Cuando una madre gestante pierde a un ser querido cercano, este choque puede hacerle olvidar temporariamente su hijo en el vientre y verse así afectado el vínculo simbiótico vital. No se trata de una hostilidad consciente de la madre con el feto, sino de un olvido casi antinatural, ya que cualquier mujer sabe lo que significa la presencia del hijo dentro de su cuerpo y lo inverosímil que resulta pensar el olvidarlo.

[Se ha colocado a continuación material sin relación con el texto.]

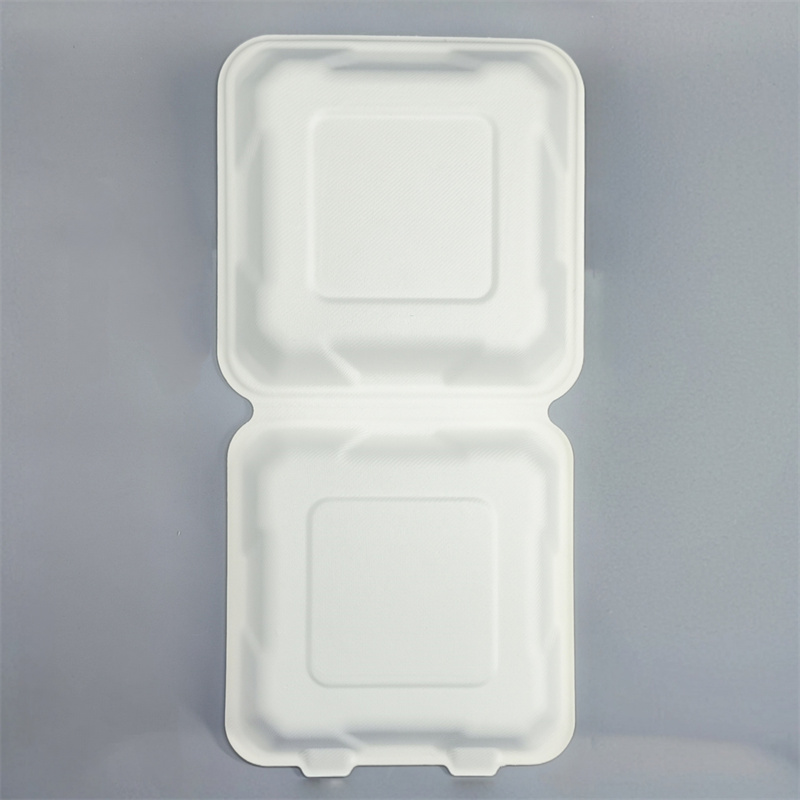 Wet-Pressed Molded Fiber Square Clamshell Container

Se trata de un traumatismo poderoso en el psiquismo de la embarazada, que sacude hasta el sentido mismo de su vida. La experiencia muestra que la mayoría de esos niños fallecen por aborto, parto prematuro o patologías en el proceso del nacimiento. Es posible que sean además una causa determinante de la denominada "muerte súbita del lactante " y hasta del autismo infantil.

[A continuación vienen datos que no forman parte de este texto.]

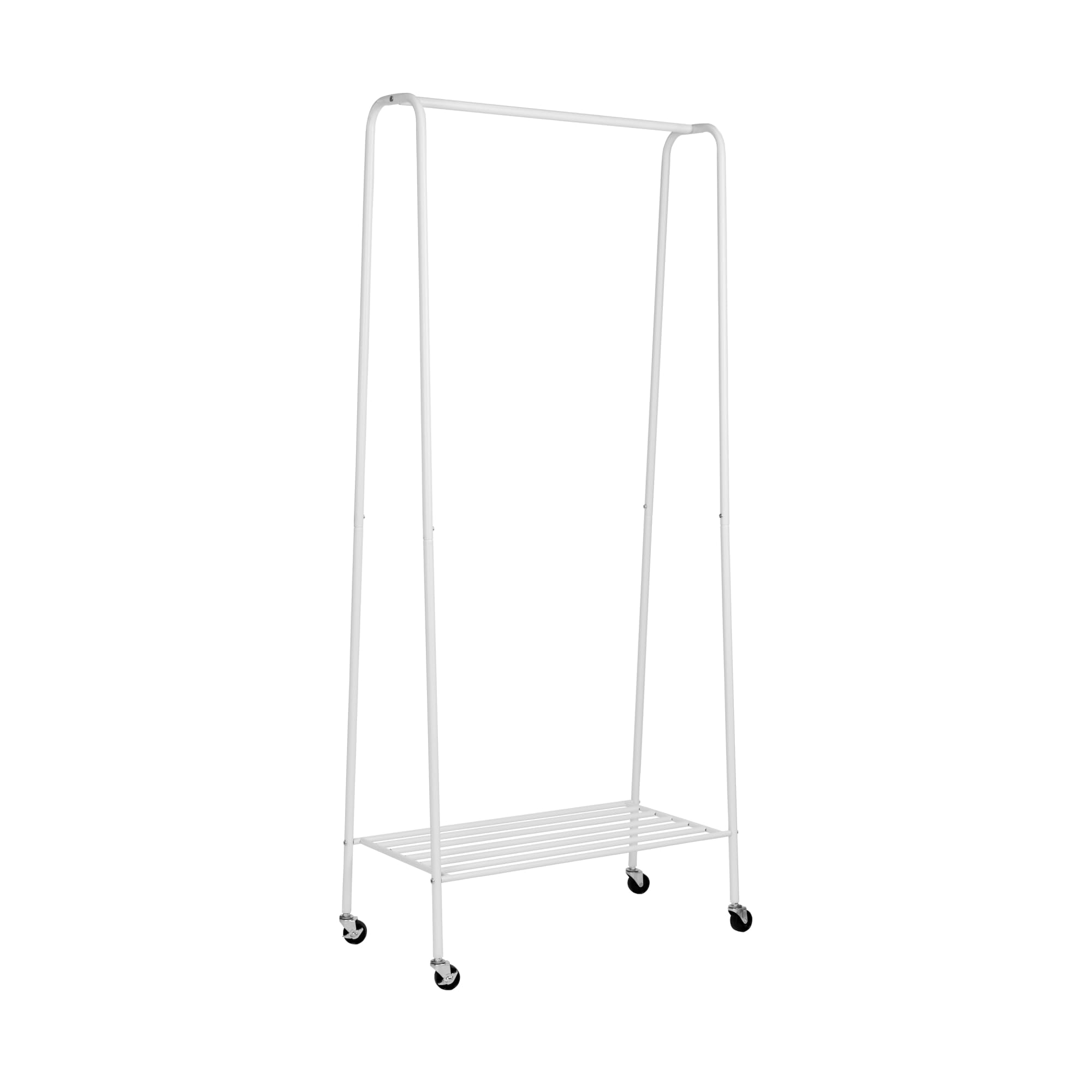 Honey-Can-Do Garment Rack with Shoe Shelf, Matte White GAR-09057 White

Los aportes antropológicos también nos han ofrecido elementos para la comprensión de todos estos hechos. En nuestras culturas andinas aborígenes, los que saben (los "yatiris"), describen un fenómeno llamado "mulla-phulla" (mal del susto), que se produce en la mujer encinta, cuando observa el cadáver de un ser amado. Se dice que entonces el niño nacerá con pérdida del alma, razón que lo deja a expensas de cualquier mal y podrá ser raquítico o morir de grave diarrea a los pocos meses o dentro del primer año.

Recordemos que el saber popular recomienda mantener alejadas a las embarazadas de la visión de la muerte, no asustarlas y hablarles de graves desgracias. Podremos coincidir o no con todos estos conceptos, pero para nosotros se convalidan por la coincidencia con lo que nos aporta el psicoanálisis acerca del funcionamiento psíquico. Uno de nosotros tuvo en su vida profesional la dolorosa experiencia de entrevistar a mujeres que parieron o permanecieron embarazadas, en los campos de concentración de la última dictadura militar argentina de los años setenta.

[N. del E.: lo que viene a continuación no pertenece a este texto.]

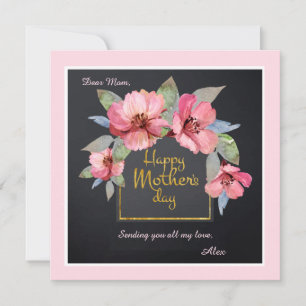 Carte de vœux de fleurs pour la fête des mères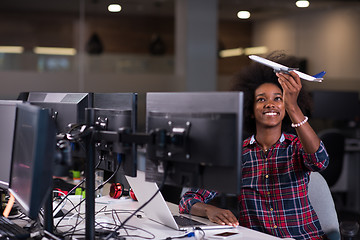 Image showing portrait of a young successful African-American woman in modern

Ellas que estando engrilladas, encapuchadas y sometidas a vejaciones y torturas constantes, jamás olvidaron al ser que gestaban en sus doloridos cuerpos. Es mas, mantenían diálogos íntimos constantes con sus hijos gestándose, en un vínculo particular y muy profundo. Lo curioso es que muchas de ellas habían tenido problemas previos de fertilidad y con esta gestación no tuvieron ningún tipo de problemas y sus partos fueron totalmente normales. Ellas eran engañadas y soportaban todo con la esperanza de que luego del parto las enviarían a casa con sus niños o a ellos con sus abuelos. Sabemos dolorosamente de la cruel realidad que padecieron, la mayoría fueron arrojadas al mar y sus hijos entregados en adopción a sus propios asesinos y verdugos.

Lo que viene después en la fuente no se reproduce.